*** Opening Study material ***
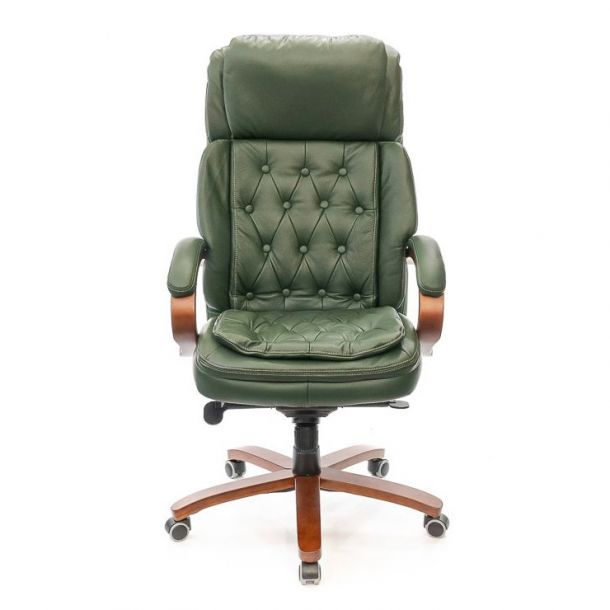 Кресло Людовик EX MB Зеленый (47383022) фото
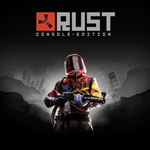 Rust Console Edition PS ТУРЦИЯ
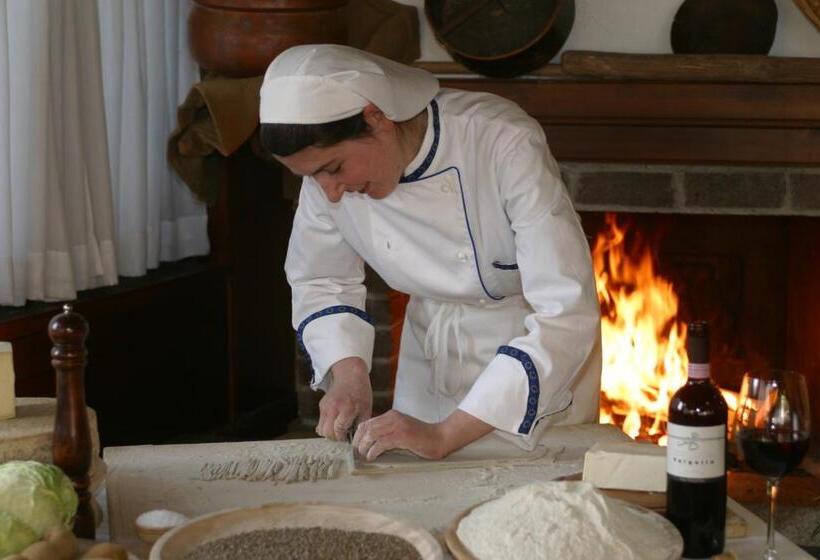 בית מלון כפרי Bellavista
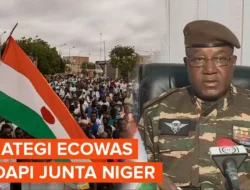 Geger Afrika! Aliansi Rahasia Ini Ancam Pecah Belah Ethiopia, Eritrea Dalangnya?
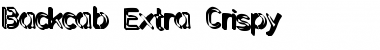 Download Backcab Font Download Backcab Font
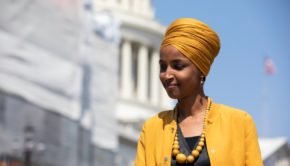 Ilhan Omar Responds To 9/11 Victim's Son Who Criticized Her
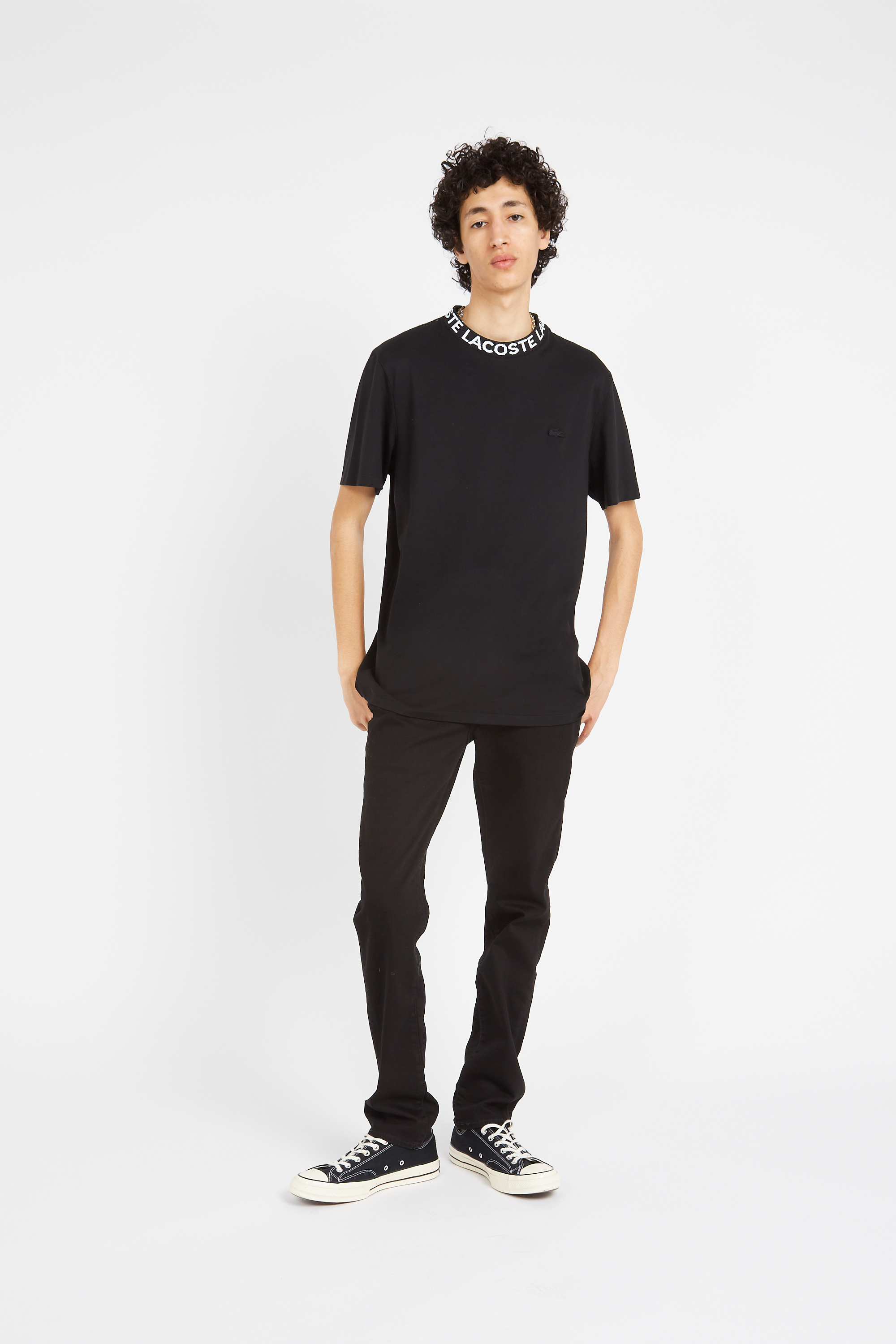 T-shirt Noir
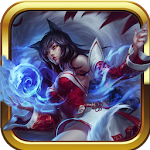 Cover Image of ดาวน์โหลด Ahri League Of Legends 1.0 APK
*** Closing Study material ***
Your assignment
Return the lines above exactly; the images are not part of the copy.

Answer to the problem
 Кресло Людовик EX MB Зеленый (47383022) фото
 Rust Console Edition PS ТУРЦИЯ
 בית מלון כפרי Bellavista
 Geger Afrika! Aliansi Rahasia Ini Ancam Pecah Belah Ethiopia, Eritrea Dalangnya?
 Download Backcab Font Download Backcab Font
 Ilhan Omar Responds To 9/11 Victim's Son Who Criticized Her
 T-shirt Noir
 Cover Image of ดาวน์โหลด Ahri League Of Legends 1.0 APK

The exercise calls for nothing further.